To start with, one dog that didn't bark this time around was a real dog: that is, after a couple of high-profile puppy-themed ads in the recent past (Budweiser's "Puppy Love" ad from Super Bowl 48 was a hit, while GoDaddy's parody the following year was a disaster—you can find complete analyses of both in the 9th edition of Signs of Life), Madison Avenue decided to let this sleeping dog lie for once, along with the ever-popular cute animal theme overall. I expect to see it come back next year (or soon thereafter) however: cute animals are good salespeople in America.
Of course, there was a fair share of comedy in the lineup (yuks sell stuff too), and the consensus appears to be that the comic ads from Tide took the prize for Best Ads in a Sponsoring Role. The Tide ads, of course, borrowed a page from the Energizer company, whose Energizer Bunny ads—first aired in 1989—employ a sophisticated advertising strategy that is essentially self-reflexive, parodying existing campaigns for other products, and, in so doing, appealing to an audience that has been so super saturated with advertising gimmicks that it has become skeptical of advertising in general.
But the big story of Super Bowl 52 was the relative lack of politically themed ads.
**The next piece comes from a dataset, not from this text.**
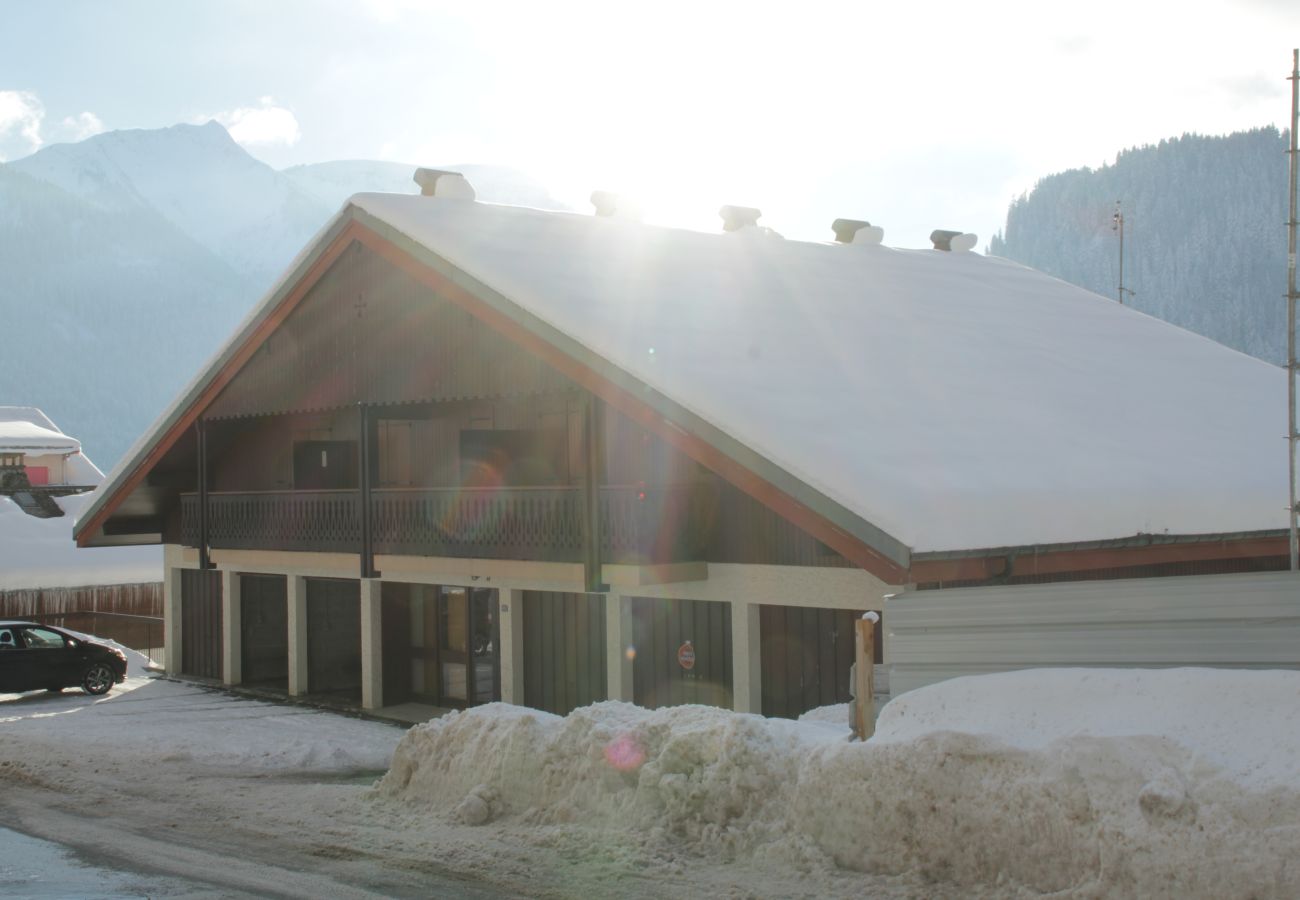 Appartement in Châtel - Grépon GP6  CENTER & MOUNTAIN 6 Pers.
Given the way that social politics—from #oscarssowhite to #metoo—have been playing such a prominent role in America's popular cultural main events recently, this may appear to be a surprising omission, but not when we consider how the NFL has been witness to an entire season of political protests that have tied it up in the sort of controversies it is not well equipped to handle. And given the ruckus that an immigration-themed Super Bowl ad made last year, one can see why politics was not on the agenda.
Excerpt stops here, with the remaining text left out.